Village in Chernivtsi Oblast, Ukraine

Chudei (Чудей; Ciudei; טשעדי; Tschudej) is a village in Chernivtsi Raion, Chernivtsi Oblast, Ukraine. It hosts the administration of Chudei rural hromada, one of the hromadas of Ukraine.

Between September 7, 1946 and April 6, 1995 the village was called Meschyritschja (Межиріччя).

Until 18 July 2020, Chudei belonged to Storozhynets Raion. The raion was abolished in July 2020 as part of the administrative reform of Ukraine, which reduced the number of raions of Chernivtsi Oblast to three. The area of Storozhynets Raion was merged into Chernivtsi Raion. In 2001, 82.24% of the inhabitants spoke Romanian as their native language, while 13.56% spoke Ukrainian.

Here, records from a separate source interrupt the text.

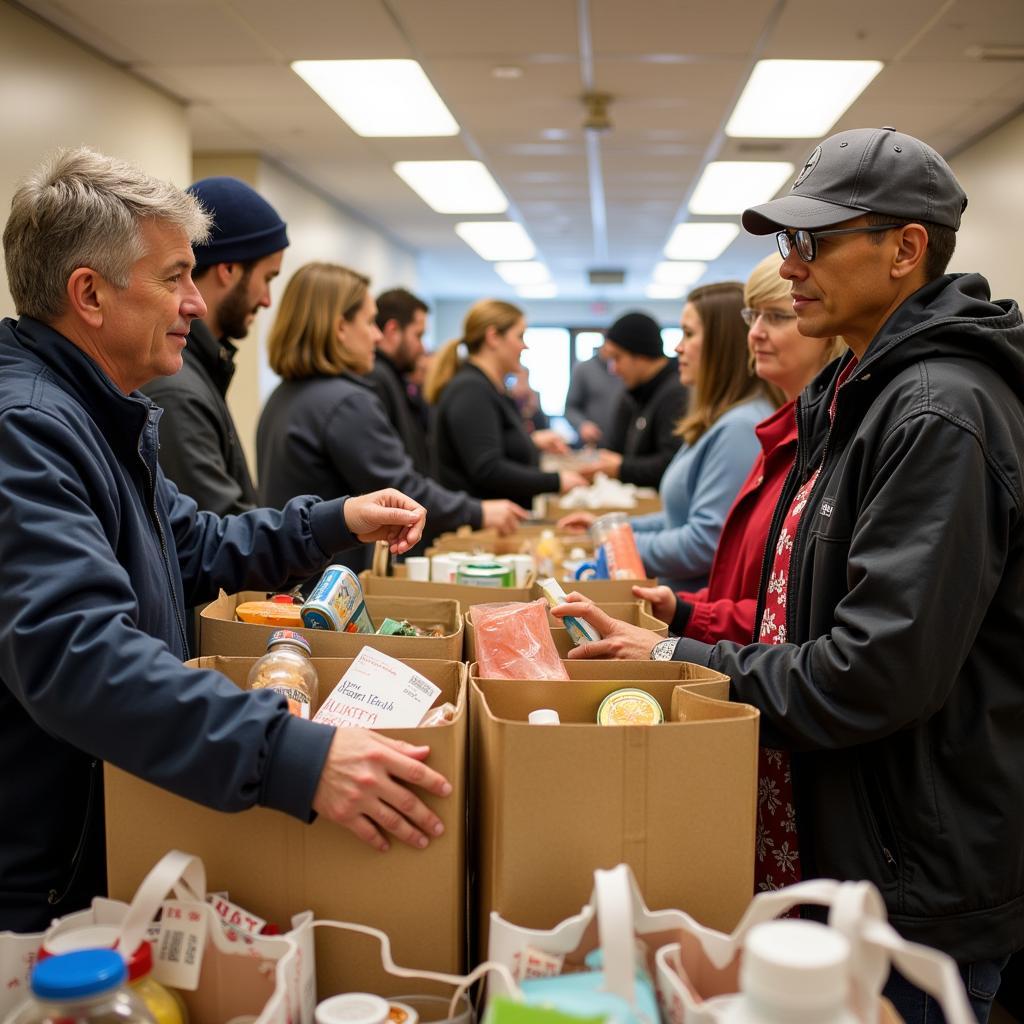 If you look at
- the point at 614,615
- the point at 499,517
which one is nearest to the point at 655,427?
the point at 499,517

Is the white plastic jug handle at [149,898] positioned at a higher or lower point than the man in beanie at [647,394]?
lower

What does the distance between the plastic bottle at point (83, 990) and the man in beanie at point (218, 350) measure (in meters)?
1.58

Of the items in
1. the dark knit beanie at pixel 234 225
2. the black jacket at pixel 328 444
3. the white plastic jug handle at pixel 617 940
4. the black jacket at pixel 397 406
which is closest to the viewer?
the white plastic jug handle at pixel 617 940

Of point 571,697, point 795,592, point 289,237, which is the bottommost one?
point 571,697

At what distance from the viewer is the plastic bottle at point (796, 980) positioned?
717 millimetres

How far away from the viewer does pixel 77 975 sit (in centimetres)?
82

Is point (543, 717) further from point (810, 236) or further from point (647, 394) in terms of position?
point (647, 394)

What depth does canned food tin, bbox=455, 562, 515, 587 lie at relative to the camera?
2.13 metres

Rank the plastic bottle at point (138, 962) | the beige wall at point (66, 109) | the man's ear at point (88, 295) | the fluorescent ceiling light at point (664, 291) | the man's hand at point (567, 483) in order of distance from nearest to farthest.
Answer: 1. the plastic bottle at point (138, 962)
2. the man's ear at point (88, 295)
3. the beige wall at point (66, 109)
4. the man's hand at point (567, 483)
5. the fluorescent ceiling light at point (664, 291)

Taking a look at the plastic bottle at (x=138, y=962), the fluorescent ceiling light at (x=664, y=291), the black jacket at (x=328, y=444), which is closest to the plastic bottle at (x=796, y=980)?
the plastic bottle at (x=138, y=962)

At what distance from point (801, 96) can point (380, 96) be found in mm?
2049

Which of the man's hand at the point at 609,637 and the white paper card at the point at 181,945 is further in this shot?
the man's hand at the point at 609,637

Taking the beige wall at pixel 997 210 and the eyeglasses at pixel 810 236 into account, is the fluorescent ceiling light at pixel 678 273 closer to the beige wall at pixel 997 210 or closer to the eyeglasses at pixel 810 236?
the beige wall at pixel 997 210

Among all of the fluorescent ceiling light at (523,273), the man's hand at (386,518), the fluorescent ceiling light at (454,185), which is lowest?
the man's hand at (386,518) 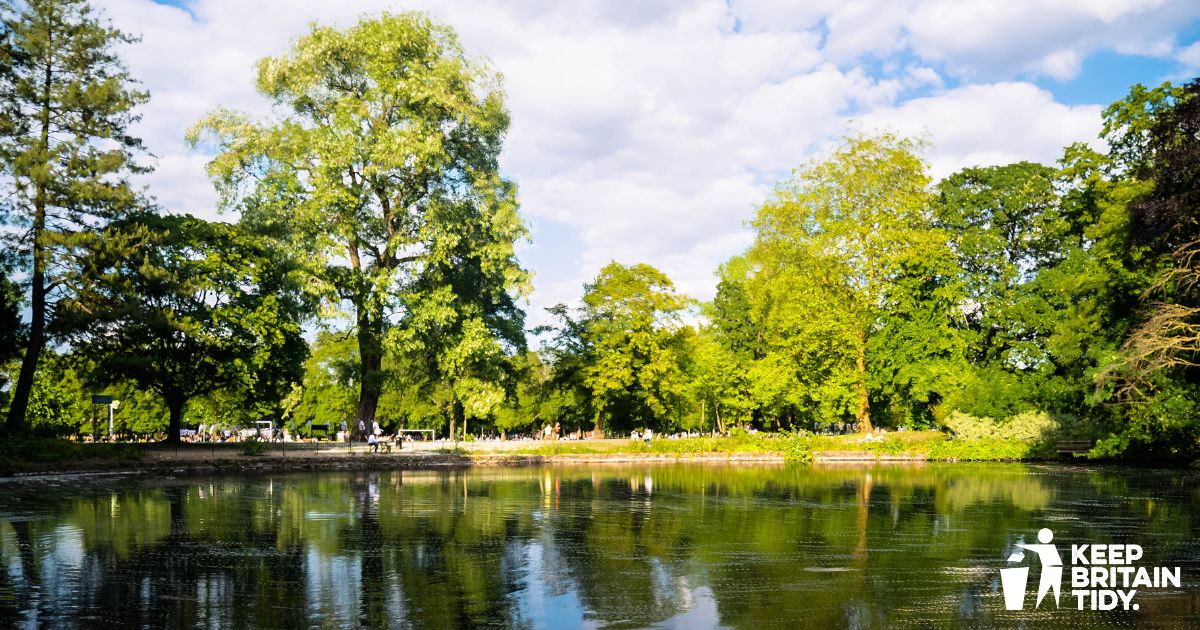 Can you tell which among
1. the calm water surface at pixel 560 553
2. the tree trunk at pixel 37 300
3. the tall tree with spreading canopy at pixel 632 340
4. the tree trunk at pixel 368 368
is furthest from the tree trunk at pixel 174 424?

In an interview for the Romanian newspaper Libertatea published on 26 April 2023, the mayor of the Chudei rural hromada, Anatolie Pițul, stated that some 60 men, ethnic Romanians, from the localities composing the hromada were fighting in the frontlines as a result of the Russian invasion of Ukraine. He also said that the Chudei rural hromada had hosted a total of some 1,250 internally displaced Ukrainian citizens since the start of the war, with some 340 remaining in the hromada at the time of the interview's publication.